YOUR INSTRUCTIONS
Here are some records; return them all exactly.
--- PROVIDED DATA Enclosed Below ---
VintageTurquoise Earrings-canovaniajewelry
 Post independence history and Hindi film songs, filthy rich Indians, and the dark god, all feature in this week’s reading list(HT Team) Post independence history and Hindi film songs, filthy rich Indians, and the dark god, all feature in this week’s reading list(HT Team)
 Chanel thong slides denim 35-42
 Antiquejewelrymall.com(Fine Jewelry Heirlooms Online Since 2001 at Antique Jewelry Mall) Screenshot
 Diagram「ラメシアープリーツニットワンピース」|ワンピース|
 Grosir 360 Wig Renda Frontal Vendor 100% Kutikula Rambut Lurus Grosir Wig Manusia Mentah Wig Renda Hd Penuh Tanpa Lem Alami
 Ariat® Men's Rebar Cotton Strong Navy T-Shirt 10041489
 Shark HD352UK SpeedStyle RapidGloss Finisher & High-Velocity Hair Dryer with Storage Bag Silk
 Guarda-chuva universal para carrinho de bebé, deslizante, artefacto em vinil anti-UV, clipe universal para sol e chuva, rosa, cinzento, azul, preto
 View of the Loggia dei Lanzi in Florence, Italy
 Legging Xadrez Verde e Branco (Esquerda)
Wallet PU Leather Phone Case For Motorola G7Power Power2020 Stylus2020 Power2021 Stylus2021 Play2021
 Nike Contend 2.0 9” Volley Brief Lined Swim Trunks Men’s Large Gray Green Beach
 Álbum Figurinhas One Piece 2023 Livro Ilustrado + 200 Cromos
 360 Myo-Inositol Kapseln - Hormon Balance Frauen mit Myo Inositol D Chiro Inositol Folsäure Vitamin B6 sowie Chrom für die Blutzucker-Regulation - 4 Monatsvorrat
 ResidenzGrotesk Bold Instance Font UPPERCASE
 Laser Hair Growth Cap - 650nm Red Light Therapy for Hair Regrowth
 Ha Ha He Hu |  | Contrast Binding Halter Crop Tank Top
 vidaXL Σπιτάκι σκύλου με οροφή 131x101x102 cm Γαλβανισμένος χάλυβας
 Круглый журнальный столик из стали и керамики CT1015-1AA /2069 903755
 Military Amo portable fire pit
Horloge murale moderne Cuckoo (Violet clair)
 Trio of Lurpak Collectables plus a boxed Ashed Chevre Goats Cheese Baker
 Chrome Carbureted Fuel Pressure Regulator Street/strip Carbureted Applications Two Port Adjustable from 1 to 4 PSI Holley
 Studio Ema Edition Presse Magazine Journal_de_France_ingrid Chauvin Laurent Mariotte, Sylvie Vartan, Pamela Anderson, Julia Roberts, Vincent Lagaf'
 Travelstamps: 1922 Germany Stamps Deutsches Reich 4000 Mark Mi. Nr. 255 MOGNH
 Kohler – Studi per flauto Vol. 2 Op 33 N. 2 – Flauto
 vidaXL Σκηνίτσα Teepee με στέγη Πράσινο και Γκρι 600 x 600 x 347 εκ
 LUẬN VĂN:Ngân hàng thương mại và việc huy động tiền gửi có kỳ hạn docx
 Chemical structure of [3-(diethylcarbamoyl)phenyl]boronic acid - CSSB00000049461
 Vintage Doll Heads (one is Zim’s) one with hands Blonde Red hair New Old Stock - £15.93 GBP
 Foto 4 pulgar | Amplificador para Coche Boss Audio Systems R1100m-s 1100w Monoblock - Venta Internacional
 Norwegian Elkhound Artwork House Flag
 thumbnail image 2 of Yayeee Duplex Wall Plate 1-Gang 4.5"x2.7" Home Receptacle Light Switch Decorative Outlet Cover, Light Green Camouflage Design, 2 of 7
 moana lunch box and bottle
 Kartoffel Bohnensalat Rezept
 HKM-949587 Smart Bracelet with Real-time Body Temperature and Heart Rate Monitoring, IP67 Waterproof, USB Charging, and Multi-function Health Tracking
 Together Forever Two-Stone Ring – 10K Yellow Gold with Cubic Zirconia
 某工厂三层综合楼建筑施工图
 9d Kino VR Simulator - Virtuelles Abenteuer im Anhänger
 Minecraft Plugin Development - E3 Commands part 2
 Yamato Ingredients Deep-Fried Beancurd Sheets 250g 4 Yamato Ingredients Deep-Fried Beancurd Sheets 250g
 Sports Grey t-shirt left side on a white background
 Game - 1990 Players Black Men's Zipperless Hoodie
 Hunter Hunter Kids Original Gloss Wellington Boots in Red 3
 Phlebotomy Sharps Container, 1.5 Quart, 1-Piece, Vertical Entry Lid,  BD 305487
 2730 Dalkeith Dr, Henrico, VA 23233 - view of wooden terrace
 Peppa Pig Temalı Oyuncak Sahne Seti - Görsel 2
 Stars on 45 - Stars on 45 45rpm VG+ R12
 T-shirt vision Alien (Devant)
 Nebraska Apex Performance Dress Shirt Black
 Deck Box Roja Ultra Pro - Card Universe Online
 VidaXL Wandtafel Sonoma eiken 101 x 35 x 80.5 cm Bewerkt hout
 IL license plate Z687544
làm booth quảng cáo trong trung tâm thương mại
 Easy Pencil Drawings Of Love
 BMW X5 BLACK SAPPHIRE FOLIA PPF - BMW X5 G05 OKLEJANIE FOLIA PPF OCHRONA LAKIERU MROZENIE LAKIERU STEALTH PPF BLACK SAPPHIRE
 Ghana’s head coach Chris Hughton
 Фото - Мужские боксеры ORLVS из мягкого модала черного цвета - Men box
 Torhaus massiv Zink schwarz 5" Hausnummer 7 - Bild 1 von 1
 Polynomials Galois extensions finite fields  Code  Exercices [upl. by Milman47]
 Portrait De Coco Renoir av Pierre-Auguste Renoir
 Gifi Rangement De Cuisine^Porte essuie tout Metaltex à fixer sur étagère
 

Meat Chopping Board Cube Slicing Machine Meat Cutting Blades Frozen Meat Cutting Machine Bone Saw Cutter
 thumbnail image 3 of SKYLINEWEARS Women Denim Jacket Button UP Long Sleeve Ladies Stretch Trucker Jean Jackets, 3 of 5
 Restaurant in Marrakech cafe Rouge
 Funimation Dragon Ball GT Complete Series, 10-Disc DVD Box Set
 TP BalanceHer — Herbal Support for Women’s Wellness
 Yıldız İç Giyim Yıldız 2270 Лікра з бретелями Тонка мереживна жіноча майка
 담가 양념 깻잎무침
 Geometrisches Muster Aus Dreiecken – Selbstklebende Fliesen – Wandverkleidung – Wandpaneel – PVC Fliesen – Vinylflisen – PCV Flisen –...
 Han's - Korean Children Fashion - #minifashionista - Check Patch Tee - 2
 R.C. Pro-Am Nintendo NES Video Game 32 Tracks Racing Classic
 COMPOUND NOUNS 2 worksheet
--- End of Enclosed PROVIDED DATA ---
REPLY TO THE TASK
VintageTurquoise Earrings-canovaniajewelry
 Post independence history and Hindi film songs, filthy rich Indians, and the dark god, all feature in this week’s reading list(HT Team) Post independence history and Hindi film songs, filthy rich Indians, and the dark god, all feature in this week’s reading list(HT Team)
 Chanel thong slides denim 35-42
 Antiquejewelrymall.com(Fine Jewelry Heirlooms Online Since 2001 at Antique Jewelry Mall) Screenshot
 Diagram「ラメシアープリーツニットワンピース」|ワンピース|
 Grosir 360 Wig Renda Frontal Vendor 100% Kutikula Rambut Lurus Grosir Wig Manusia Mentah Wig Renda Hd Penuh Tanpa Lem Alami
 Ariat® Men's Rebar Cotton Strong Navy T-Shirt 10041489
 Shark HD352UK SpeedStyle RapidGloss Finisher & High-Velocity Hair Dryer with Storage Bag Silk
 Guarda-chuva universal para carrinho de bebé, deslizante, artefacto em vinil anti-UV, clipe universal para sol e chuva, rosa, cinzento, azul, preto
 View of the Loggia dei Lanzi in Florence, Italy
 Legging Xadrez Verde e Branco (Esquerda)
Wallet PU Leather Phone Case For Motorola G7Power Power2020 Stylus2020 Power2021 Stylus2021 Play2021
 Nike Contend 2.0 9” Volley Brief Lined Swim Trunks Men’s Large Gray Green Beach
 Álbum Figurinhas One Piece 2023 Livro Ilustrado + 200 Cromos
 360 Myo-Inositol Kapseln - Hormon Balance Frauen mit Myo Inositol D Chiro Inositol Folsäure Vitamin B6 sowie Chrom für die Blutzucker-Regulation - 4 Monatsvorrat
 ResidenzGrotesk Bold Instance Font UPPERCASE
 Laser Hair Growth Cap - 650nm Red Light Therapy for Hair Regrowth
 Ha Ha He Hu |  | Contrast Binding Halter Crop Tank Top
 vidaXL Σπιτάκι σκύλου με οροφή 131x101x102 cm Γαλβανισμένος χάλυβας
 Круглый журнальный столик из стали и керамики CT1015-1AA /2069 903755
 Military Amo portable fire pit
Horloge murale moderne Cuckoo (Violet clair)
 Trio of Lurpak Collectables plus a boxed Ashed Chevre Goats Cheese Baker
 Chrome Carbureted Fuel Pressure Regulator Street/strip Carbureted Applications Two Port Adjustable from 1 to 4 PSI Holley
 Studio Ema Edition Presse Magazine Journal_de_France_ingrid Chauvin Laurent Mariotte, Sylvie Vartan, Pamela Anderson, Julia Roberts, Vincent Lagaf'
 Travelstamps: 1922 Germany Stamps Deutsches Reich 4000 Mark Mi. Nr. 255 MOGNH
 Kohler – Studi per flauto Vol. 2 Op 33 N. 2 – Flauto
 vidaXL Σκηνίτσα Teepee με στέγη Πράσινο και Γκρι 600 x 600 x 347 εκ
 LUẬN VĂN:Ngân hàng thương mại và việc huy động tiền gửi có kỳ hạn docx
 Chemical structure of [3-(diethylcarbamoyl)phenyl]boronic acid - CSSB00000049461
 Vintage Doll Heads (one is Zim’s) one with hands Blonde Red hair New Old Stock - £15.93 GBP
 Foto 4 pulgar | Amplificador para Coche Boss Audio Systems R1100m-s 1100w Monoblock - Venta Internacional
 Norwegian Elkhound Artwork House Flag
 thumbnail image 2 of Yayeee Duplex Wall Plate 1-Gang 4.5"x2.7" Home Receptacle Light Switch Decorative Outlet Cover, Light Green Camouflage Design, 2 of 7
 moana lunch box and bottle
 Kartoffel Bohnensalat Rezept
 HKM-949587 Smart Bracelet with Real-time Body Temperature and Heart Rate Monitoring, IP67 Waterproof, USB Charging, and Multi-function Health Tracking
 Together Forever Two-Stone Ring – 10K Yellow Gold with Cubic Zirconia
 某工厂三层综合楼建筑施工图
 9d Kino VR Simulator - Virtuelles Abenteuer im Anhänger
 Minecraft Plugin Development - E3 Commands part 2
 Yamato Ingredients Deep-Fried Beancurd Sheets 250g 4 Yamato Ingredients Deep-Fried Beancurd Sheets 250g
 Sports Grey t-shirt left side on a white background
 Game - 1990 Players Black Men's Zipperless Hoodie
 Hunter Hunter Kids Original Gloss Wellington Boots in Red 3
 Phlebotomy Sharps Container, 1.5 Quart, 1-Piece, Vertical Entry Lid,  BD 305487
 2730 Dalkeith Dr, Henrico, VA 23233 - view of wooden terrace
 Peppa Pig Temalı Oyuncak Sahne Seti - Görsel 2
 Stars on 45 - Stars on 45 45rpm VG+ R12
 T-shirt vision Alien (Devant)
 Nebraska Apex Performance Dress Shirt Black
 Deck Box Roja Ultra Pro - Card Universe Online
 VidaXL Wandtafel Sonoma eiken 101 x 35 x 80.5 cm Bewerkt hout
 IL license plate Z687544
làm booth quảng cáo trong trung tâm thương mại
 Easy Pencil Drawings Of Love
 BMW X5 BLACK SAPPHIRE FOLIA PPF - BMW X5 G05 OKLEJANIE FOLIA PPF OCHRONA LAKIERU MROZENIE LAKIERU STEALTH PPF BLACK SAPPHIRE
 Ghana’s head coach Chris Hughton
 Фото - Мужские боксеры ORLVS из мягкого модала черного цвета - Men box
 Torhaus massiv Zink schwarz 5" Hausnummer 7 - Bild 1 von 1
 Polynomials Galois extensions finite fields  Code  Exercices [upl. by Milman47]
 Portrait De Coco Renoir av Pierre-Auguste Renoir
 Gifi Rangement De Cuisine^Porte essuie tout Metaltex à fixer sur étagère
 

Meat Chopping Board Cube Slicing Machine Meat Cutting Blades Frozen Meat Cutting Machine Bone Saw Cutter
 thumbnail image 3 of SKYLINEWEARS Women Denim Jacket Button UP Long Sleeve Ladies Stretch Trucker Jean Jackets, 3 of 5
 Restaurant in Marrakech cafe Rouge
 Funimation Dragon Ball GT Complete Series, 10-Disc DVD Box Set
 TP BalanceHer — Herbal Support for Women’s Wellness
 Yıldız İç Giyim Yıldız 2270 Лікра з бретелями Тонка мереживна жіноча майка
 담가 양념 깻잎무침
 Geometrisches Muster Aus Dreiecken – Selbstklebende Fliesen – Wandverkleidung – Wandpaneel – PVC Fliesen – Vinylflisen – PCV Flisen –...
 Han's - Korean Children Fashion - #minifashionista - Check Patch Tee - 2
 R.C. Pro-Am Nintendo NES Video Game 32 Tracks Racing Classic
 COMPOUND NOUNS 2 worksheet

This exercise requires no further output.